Reputation Risk Antennae
I guess there is something for everyone and every profession. I have blogged before about reputationdefender. The company (whose slogan is “watch your back”) helps individuals and families defend their reputations by getting negative comments taken down from the Internet, lowered in the search rankings or explained more accurately. They counsel individual and organizations on strategies for removing harmful information which is ultimately a good thing. Now there is politiciandefender.com for those politicos who need to counter negative or untrue bloggerisms with truthful messages. As the site says, “The program is designed to build personal branding online and minimize harmful blog posts that would influence an election. Our company allows politicians to hire our bloggers to create posts on social media venues and blogs throughout the Internet in an effort to get the target message across.” In essence, the company will counterpunch or should I say counterpost right back when a politician’s reputation is being pummeled. I guess there truly is something for everyone and expect soon to see celebritydefender, professordefender, prdefender, lawyerdefender, doctordefender, cashierdefender, computerhelplinedefender, etc. You see where this is going.
On another subject, I am often asked what companies should do to reduce their ever-mounting reputation risk. As corruption, fraud, recalls, security breaches, tainted products and financial wrongdoing continues to escalate, one idea that deserves serious consideration is assigning reputation risk responsibilities to company boards, officers or outside firms. UBS recently announced that they would establish a stand-alone risk committee as part of their board restructuring. This committee would be responsible for assessing and being informed about management’s strategy for monitoring and managing corporate reputation threats. Financial Week has an excellent article by Jeff Nash on how companies are now in the hunt for hiring chief risk officers and fully understanding their own risk scenarios today. He quotes Spencer Stuart who told him that only 3% of S&P 500 companies had stand-alone risk committees as of 2007. That is not encouraging. Apparently Bear Stearns and Northern Rock had separate board risk committees which does not fill me with much confidence that they work as well as they should.

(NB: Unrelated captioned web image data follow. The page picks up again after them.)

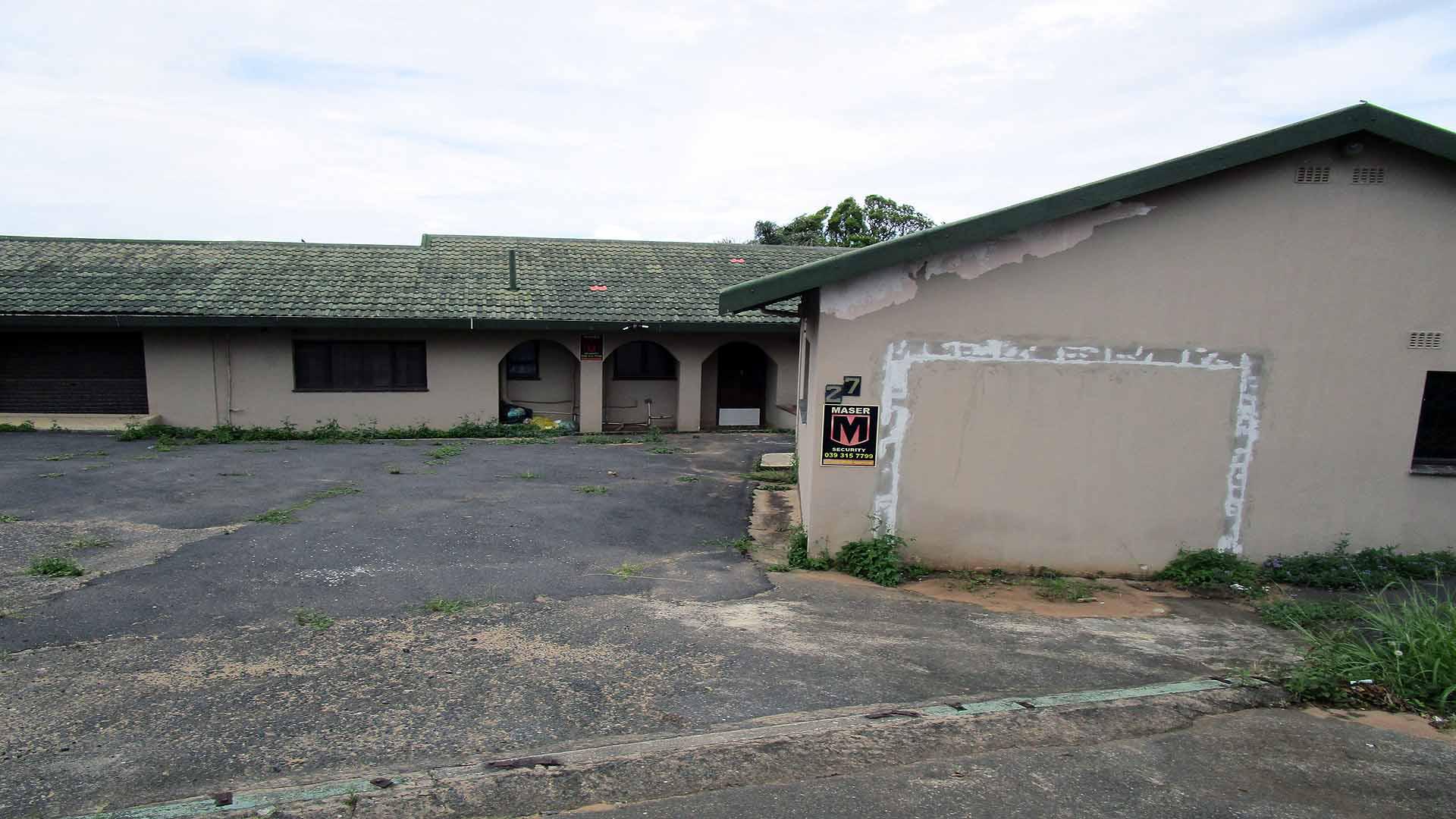 Front View of property in Uvongo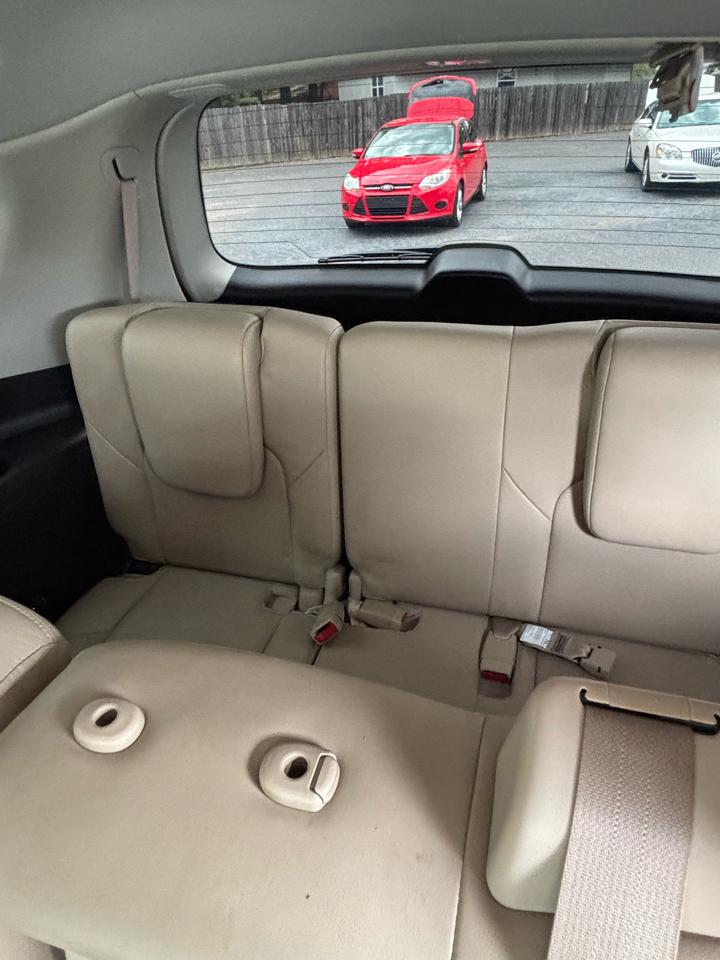 Nissan Armada Platinum 2WD 2017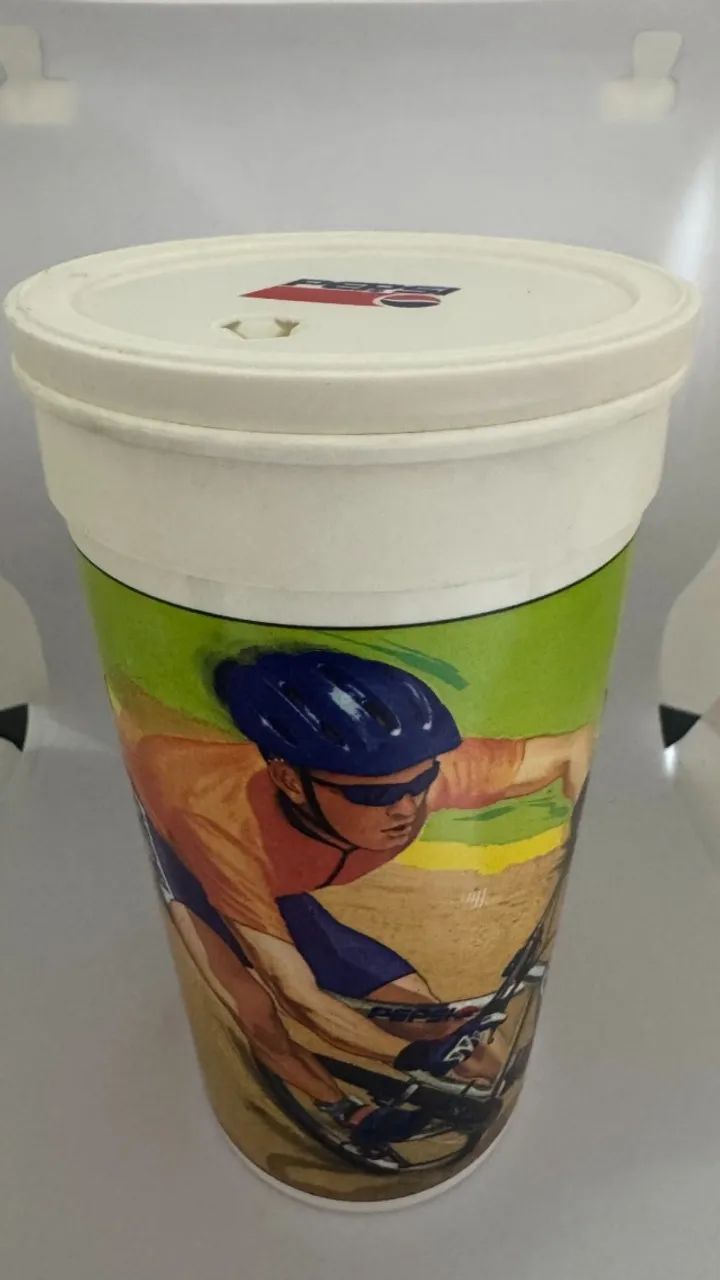 Copo colecionável Pepsi ciclismo com tampa - Foto 2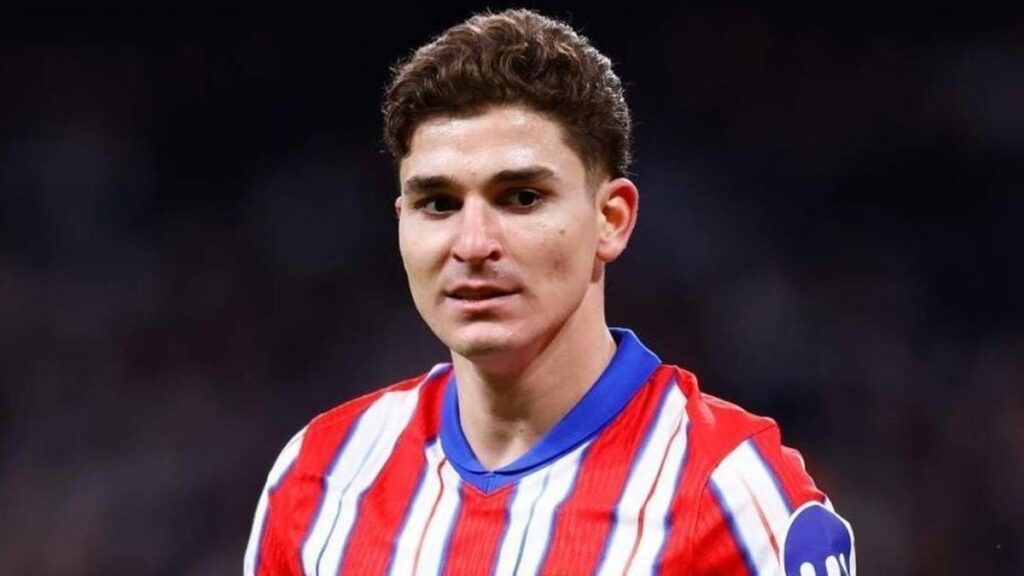 Affaire Julian Alvarez : Enrique Cerezo tacle le FC Barcelone
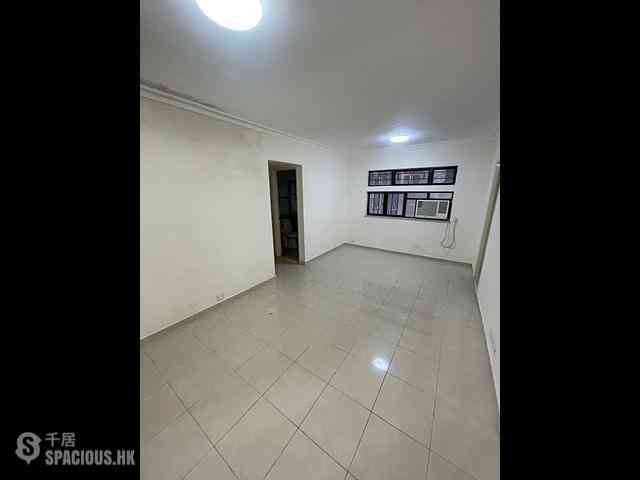 Sai Ying Pun - Good View Court 01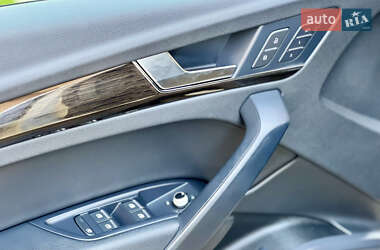 Внедорожник / Кроссовер Audi Q5 2018 в 
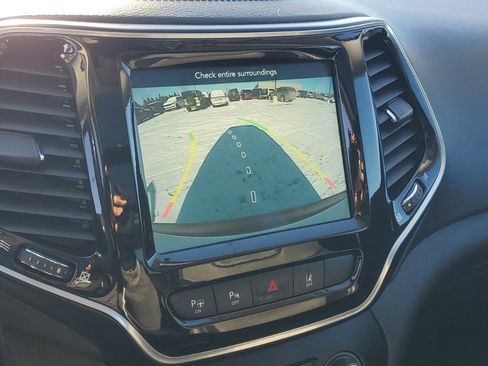 Used 2021 Jeep Cherokee Limited image 26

So what are the alternatives? I like the other ideas that surfaced in Nash’s article. Pitney Bowes reportedly has a list of 60 risk categories which are assigned to individuals who report about them to a board committee. Pitney Bowes thinks that when a particular risk or two is assigned to an individual, they are more likely to be accountable and take this oversight seriously. I agree that being able to focus on a few risks makes more sense in determining threat-levels than having to worry about 60+ risks all at once. The article also raises an idea from a governance expert who suggests that a non-board risk committee comprised of select company executives and outside risk experts could work. I definitely see value in that idea as well because outside points of view are often critical in shaking up organizations who are rightfully concentrating on the next quarter and next customer demand. It is not easy.
Risk radar is increasingly imperative today. Have no doubt about it.